El subcomandante de la Policía, Juan Peña, informó que se recopilarán pruebas para establecer la veracidad de la denuncia y determinar si existen más personas que habrían sido reclutadas bajo un mecanismo similar.
Según la versión de los familiares, José María e Iván viajaron el pasado 3 de abril luego de recibir una propuesta económica que les ofrecía un pago de 16.000 dólares. Ambos, que en Bolivia se dedicaban a trabajos de albañilería, habrían aceptado la oportunidad con la intención de mejorar su situación económica.
Durante las primeras semanas mantuvieron comunicación con sus familias mediante fotografías y videos en los que aparecían con uniformes militares y junto a otros soldados. En los mensajes aseguraban encontrarse bien e incluso mostraban el lugar donde permanecían, al que identificaban como la «zona 0».
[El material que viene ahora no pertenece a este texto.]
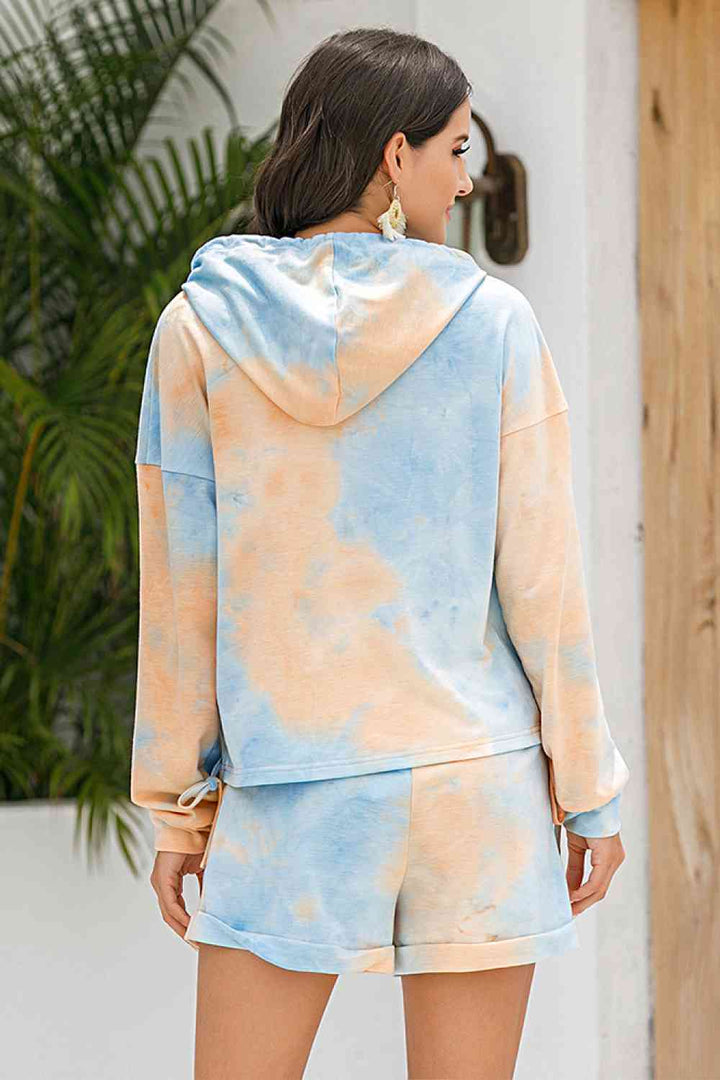 Tie-Dye Drawstring Hoodie and Shorts Set | 1mrk.com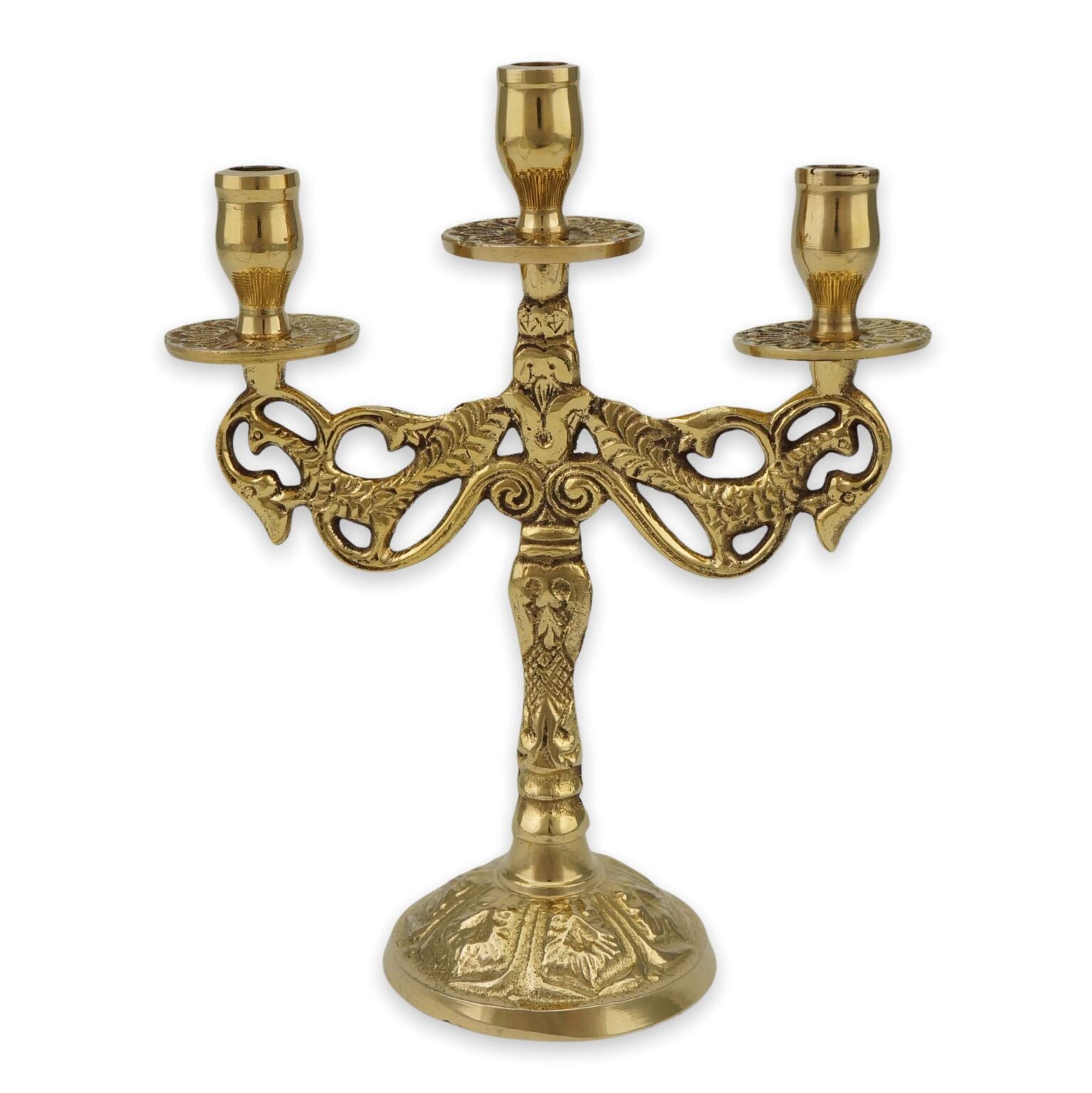 Three Branch Brass Candelabra with Drip Trays BlessedMart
Sin embargo, con el paso del tiempo dejaron de comunicarse. Posteriormente, sus familiares recibieron una llamada por Facebook en la que supuestos militares informaron que uno de ellos habría muerto durante un enfrentamiento y luego comunicaron el fallecimiento del otro.
La familia de ambos jóvenes asegura que solo recibió 3.000 dólares después del supuesto reclutamiento, pese a que la promesa inicial era un pago mayor, y exige conocer qué ocurrió realmente.
Mientras esperan información oficial, los familiares realizan un velorio simbólico en Santa Cruz y piden la intervención de las autoridades bolivianas para confirmar la situación de los dos ciudadanos.
Hasta el momento, no existe una confirmación oficial sobre el fallecimiento de los jóvenes ni sobre la existencia de una red de reclutamiento. La Policía continúa con las investigaciones para esclarecer el caso.